I presented this to all GDS user researchers when it was produced and sought feedback. I could have referred to it more frequently afterwards to maintain researchers’ understanding of our purpose.

4. Get some quick wins under your belt

Some areas of research operations, like knowledge management, are long games. To get buy-in from your researchers and other stakeholders, get some quick wins under your belt in the first few weeks.

At GDS this included sorting out permissions issues on research shared drives and collating details of all tooling in one place. In your organisation, it will likely be something different.

5. Don't go it alone

Research operations functions can only achieve so much by beavering away themselves. Ask for support from researchers, leads, and other relevant functions in your organisation such as data protection, and do what you can to help them help you.

For the initial few months, GDS’s ‘research operations team’ was just me, supporting 50-60 user researchers. Going it alone wasn’t an option. I worked with other parts of the organisation such as the highly supportive Privacy Office and Information Management teams. I organised community activities such as a (thrilling) ‘research data spring clean’ to get support in sorting out our shared drives. And for some research operations activities, especially those successfully being conducted by others already, I was explicit about only performing a coordination role.
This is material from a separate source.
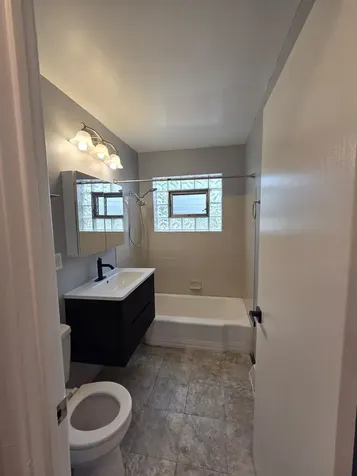 13810 South La Salle Street Riverdale IL 60827
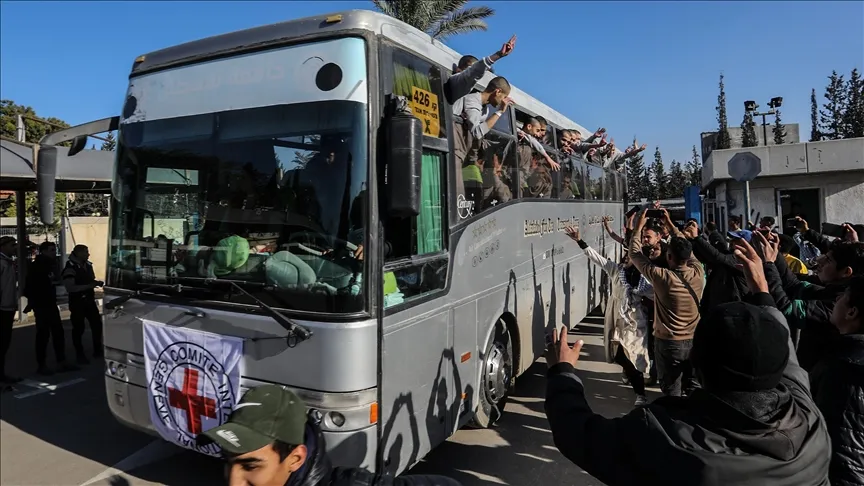 Người Palestine đón người thân được Israel thả. Ảnh: ANADOLU Tù nhân Palestine.jpg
Coordinating work being done by others, especially informally by user research communities, is hard. I had a go at implementing a “user research community contributions” model, with a big Trello board, activities linked to researchers’ performance objectives, and drop-ins with the ReOps team. It was overcomplicated and needed a bit of a rethink.

6. Be visible

Engaging with user researchers shouldn’t be done initially and never again. To build trust and be proactive rather than reactive, be as visible as you can.

At GDS this meant attending and running sessions in user research community workshops and show and tells, putting in intro chats with new joiners, attending meetings of each directorate’s user researchers, meeting fortnightly with our lead user researchers, and many a Slack message.

7. Be pragmatic

Research operations professionals tend to like order, processes, guidance, and documentation. We don’t want chaos and non-compliance. Equally, don’t go overboard. With the best will in the world, if your guidance for new starters is 80 pages long, it probably won’t be read, and it almost certainly won’t be well understood.

I tried to keep this in mind. When I revised our guidance on managing user research data, I resolved ambiguities raised by researchers while making it two-thirds the length, and it was well-used. But I also spent time re-working wiki pages that the analytics later showed nobody much visited, and which conversations suggested few knew existed.

8. Keep collaborating with and learning from others

There are so many brilliant research operations people out there. There are communities of them, such as the global ResearchOps Community, and that in UK central government (find them on UK Government Digital Slack). All those I’ve met to date are a supportive, helpful bunch.

The approach I took at GDS, and indeed the lessons in this post, draw heavily on the conversations I had with some of them. A huge thanks to those I spoke to at the Department for Education, Defra, HMRC, the Home Office and Hackney Council, among others.

So reach out, learn, and contribute. Maybe even write a blog post once you’re some ways in. Good luck!